I agree, therefore, with the
dissenting justices and would order a new trial.
ESTEY J.:—The appellant's
conviction for murder was affirmed by a majority of the learned judges in the
Appellate Court of British Columbia. Mr. Justice O'Halloran, dissenting, would
have substituted a verdict of manslaughter, while Mr. Justice Davey, also
dissenting, would have awarded a new trial.
The appellant, in giving evidence
on his own behalf, admitted that he, Chow Bew and two others, in the afternoon
of January 6, 1955, had agreed to rob the deceased Ah Wing that night
at his store in Vancouver. About 9:30 that evening the four proceeded in an
automobile and parked at a place near the store of the deceased. Ah Wing was a
Chinaman about sixty-five years of age whom they referred to as an old man who
would not offer much resistance. Though they were without weapons, they were
prepared to exercise physical strength in order to overcome such resistance as
the deceased might offer. Only two of the four entered the store and, while in
the course of their intent to rob, such force was applied to the person of the
deceased, by the appellant and Chow Bew or one of them, as to cause his death.
The appellant admitted that, as
arranged, he entered the store first and in a matter of minutes Chow Bew
[Page 111]
entered. When there were no
customers present the appellant asked the deceased for a can of meat which he
knew would be toward the back of the store. In order to obtain this can the
deceased turned his back upon the appellant, who thereupon put his hand over
his mouth and an arm around his neck. At the same time Chow Bew put out the
lights, locked the front and opened the back door. They were in the store
approximately ten minutes and at some point appellant handed the deceased over
to Chow Bew. At that time, the appellant deposed, the deceased was struggling
and endeavouring to make a noise and was doing the same when later, while Chow
Bew was still holding him, the appellant searched his person for money.

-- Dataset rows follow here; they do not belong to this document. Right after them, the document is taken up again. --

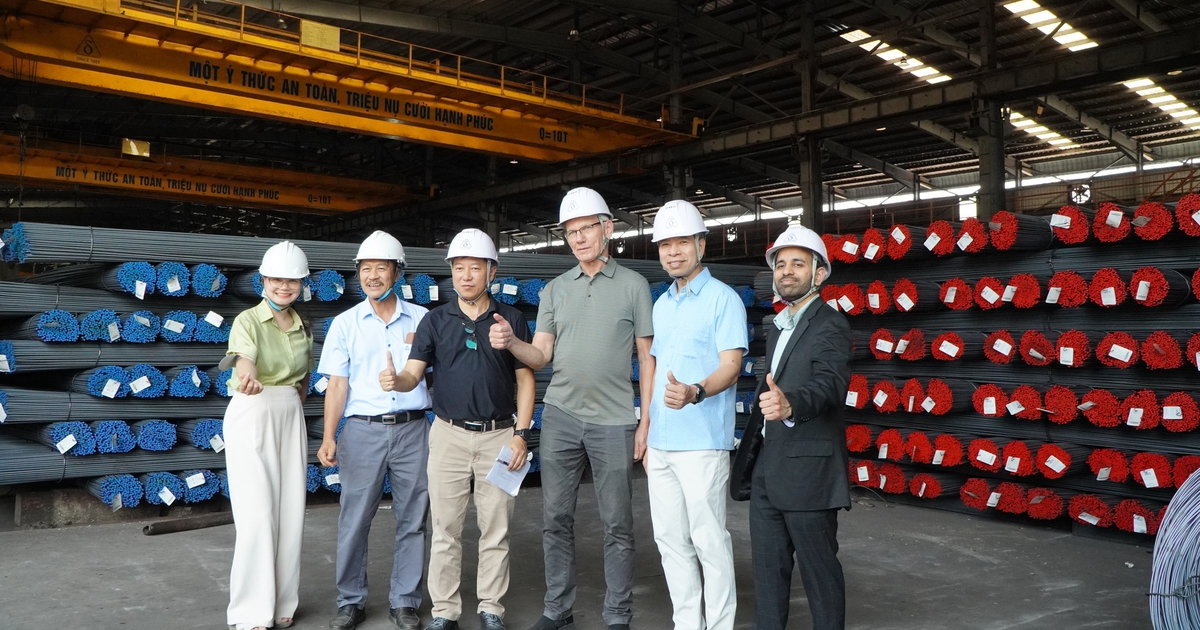 Chuyên gia Việt Nam và Đan Mạch thúc đẩy năng lượng hiệu quả và tiết kiệm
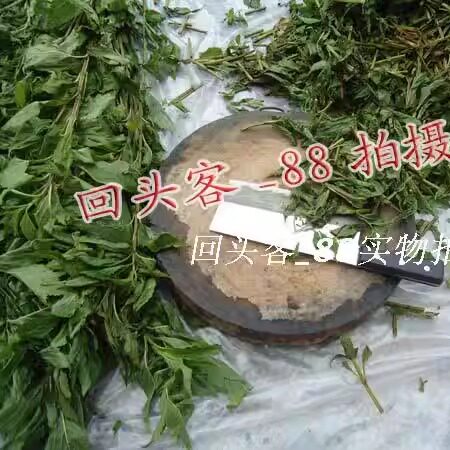 正宗连州连南清远溪黄草茶中药材狭基线纹香茶菜溪沟草苦原无加工 - 图3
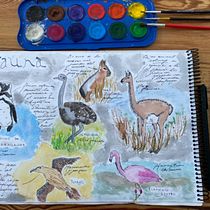 Viaje a Bahía Bustamante, Chubut. Argentina. Watercolor Painting project by Josefina Muratorio - 05.03.2021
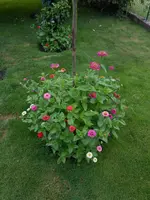 DSCN4335.jpg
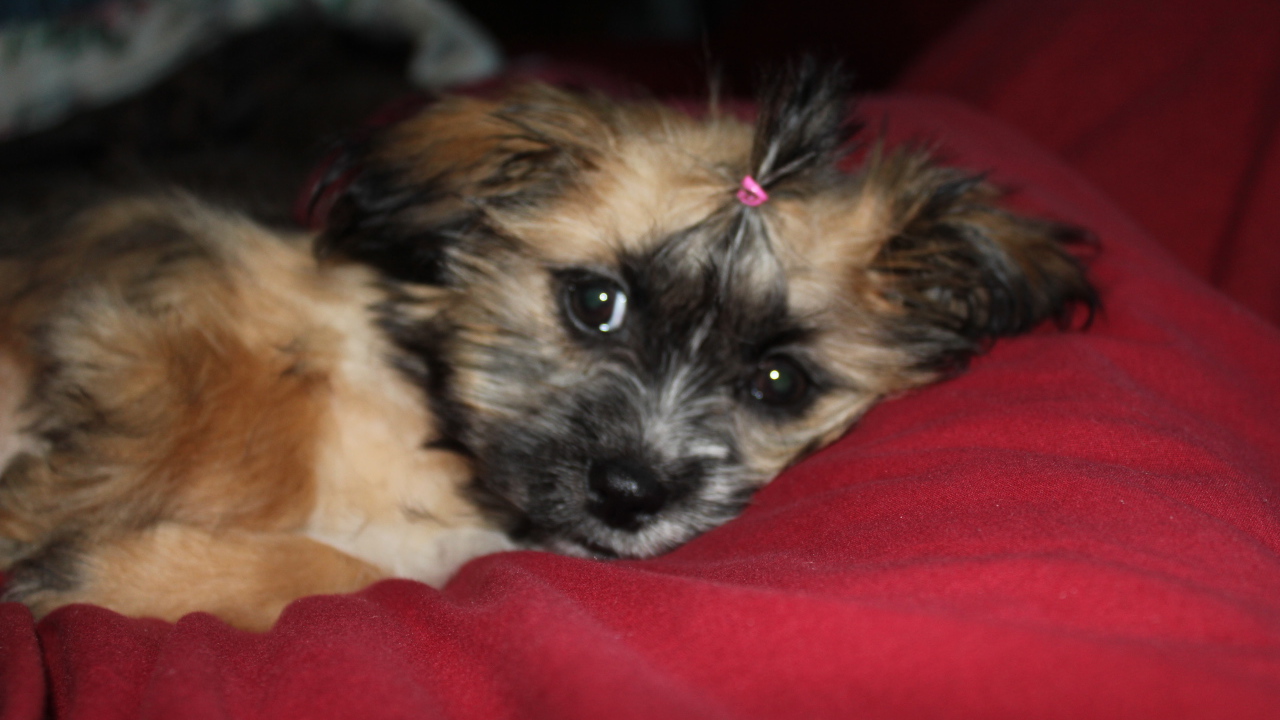 Шитцу лежит на перине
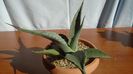 Agave sp.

The appellant
further stated that when Chow Bew took over the deceased he searched the
premises for money and, as the store was in darkness, he did not know what Chow
Bew was doing to the deceased and, because of their understanding that they
would not cause serious bodily harm to the deceased, he neither knew nor ought
to have known that the infliction of grievous bodily harm upon, or the wilful
stopping of the breath of Ah Wing was a probable consequence of what Chow Bew
did to the deceased.
Under s. 260 of the Criminal
Code, so far as its provisions are relevant to the facts in this case, one
in the course of committing a robbery will be guilty of murder, whether he knew
or ought to have known that death was likely to ensue, if he means to inflict
grievous bodily injury for the purpose of facilitating the commission of the
robbery and death ensues, or if he, by any means, wilfully stops the breath of
a person in order to facilitate the commission of the offence and death ensues
from such stoppage. Under this section it was open to the jury to find that the
appellant's participation was such that he was guilty of murder.
However, the main contentions
advanced on behalf of the appellant were that Chow Bew had inflicted the fatal
injury (although based on what the appellant alleged had been told him by Bew)

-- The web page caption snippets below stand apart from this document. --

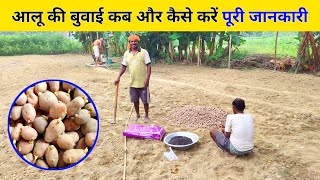 When and how to cultivate potatoes, complete information 🥔 aalu ki kheti kab aur kaise karen | Fa... When and how to cultivate potatoes, complete information 🥔 aalu ki kheti kab aur kaise karen | Fa...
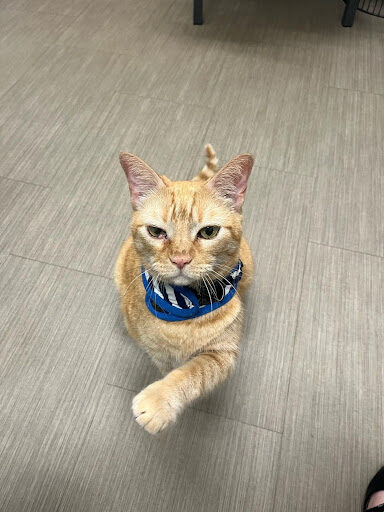 orange-cat-with-eye-condition-at-clinic
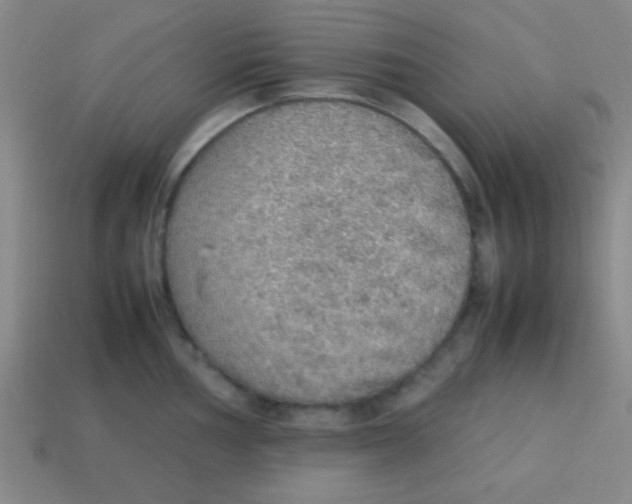 X0000113781002200910211201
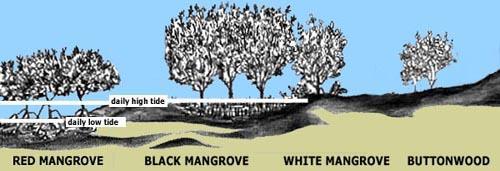 Mangroves are trees that grow in intertidal salty environments because they can tolerate frequent flooding and are able to obtain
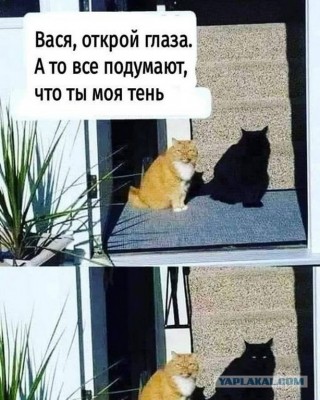 12.jpg (166.61 КБ) 2344 просмотра 12.jpg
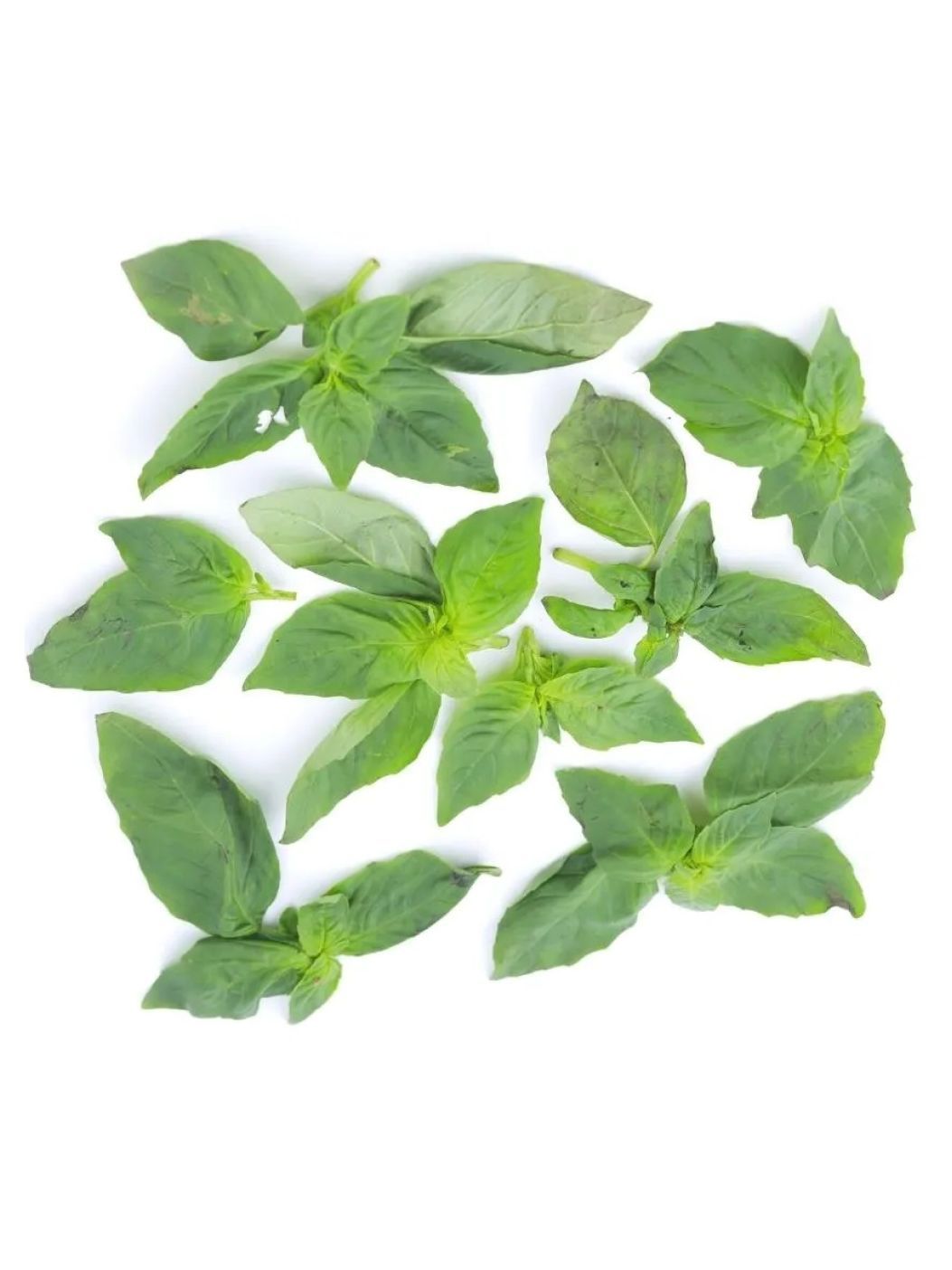 Basil Leavesimg 1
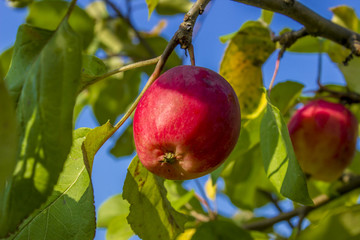 red apples on a tree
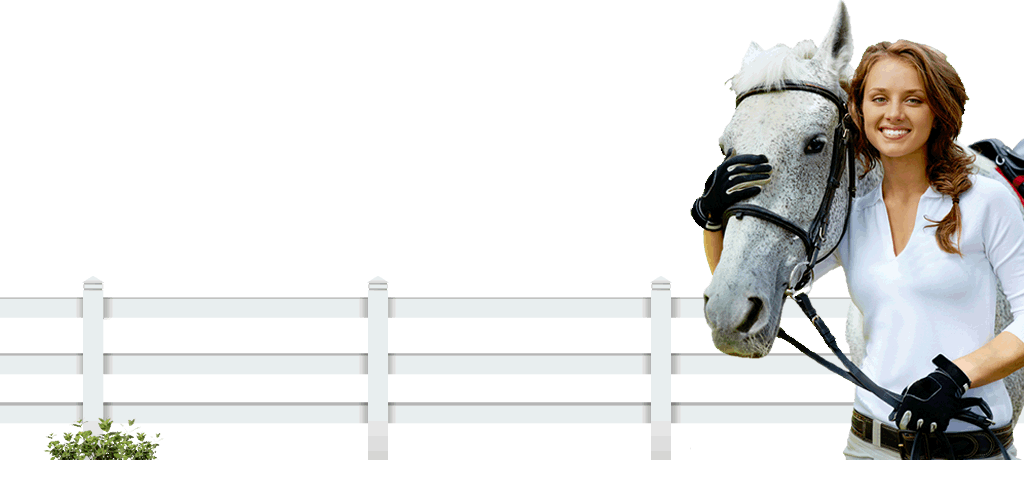 horse riding and agistment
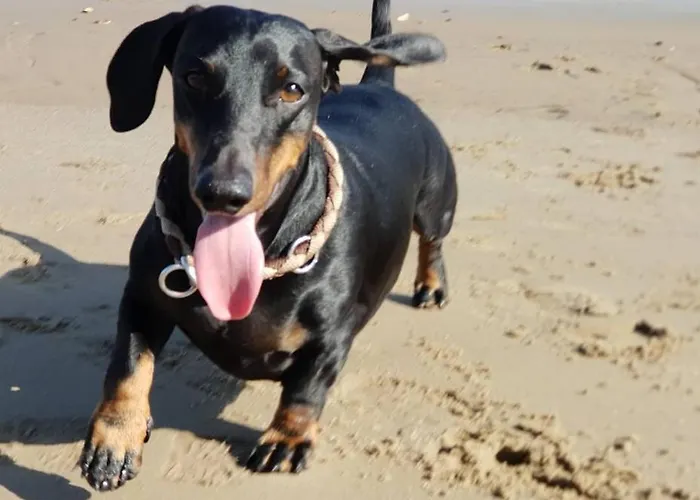 Elbdiek * Bachenbrock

and that he was not a party to the murder as a participant under s. 260, nor
was he made so by virtue of the provisions of s-ss. (1) and (2) of s. 69. Under
s-s. (1) (s. 69), if the appellant did or omitted
[Page 112]
some act for the purpose of
aiding Chow Bew to commit the offence of murder, or abetted Chow Bew in the
commission of that offence, the jury might find the appellant guilty of murder.
It was, however, the contention on behalf of the appellant that, however much
he may have aided and abetted in the commission of the robbery, he never did
aid or abet, or in any way assist Chow Bew in the commission of the murder
within the meaning of s. 69 (1).
Under s-s. (2) (s. 69), if, as
here, the appellant and Chow Bew had formed a common intention to rob Ah Wing
and, while assisting each other in the prosecution of that robbery, Chow Bew
murdered Ah Wing, the appellant would be a party to the offence of murder if
the commission thereof was, or ought to have been known by him to be a probable
consequence of the prosecution of such robbery. I agree with the appellant that
these subsections ought to have been explained in such a manner that the jury
would understand the difference between the two and the respective effects
thereof in relation to the facts as adduced in evidence.

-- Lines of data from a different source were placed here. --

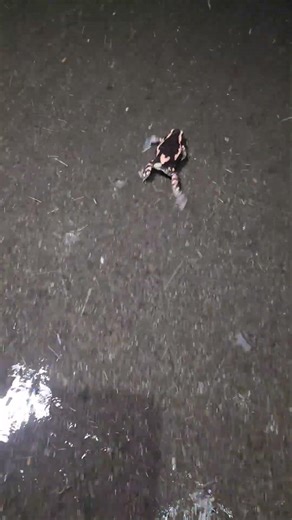 Banded Rubber Frog (Phrynomantis bifasciatus) #frog #running #wildlife #africa #ytshorts #shorts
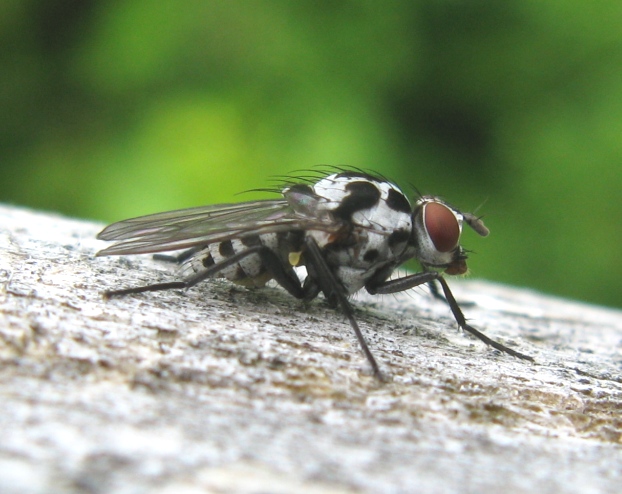 Anthomyiidae da determinare?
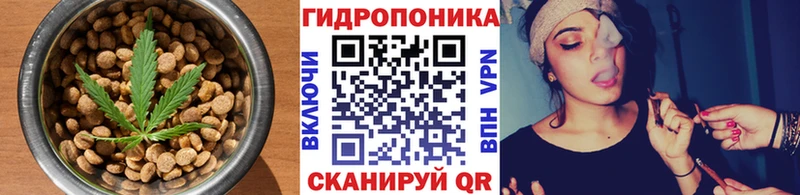 купить закладку  гидра рабочий сайт  Печенье с ТГК конопля  Ивангород 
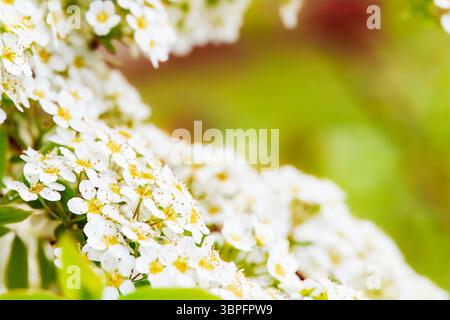 Überströmende weisse Blüten der im Sonnenlicht kaskadierenden Brautspirale. Feiern Sie saisonale Vielfalt, visuelle Harmonie und Leben in der Blüte. Für Federgehäuse Stockfoto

There was evidence in support of
issues under the foregoing sections which counsel for both parties apparently
discussed and certainly were dealt with by the learned trial judge in the
course of his charge. The learned trial judge, at the outset of his charge,
explained the functions of the jury, presumption of innocence, reasonable doubt
and other matters, and then devoted approximately twelve pages to a discussion
of the relevant statute law, including the foregoing ss. 260 and 69. In the
course thereof he selected the relevant portions of the sections and, in
illustrating their general effect, referred to parts of the evidence.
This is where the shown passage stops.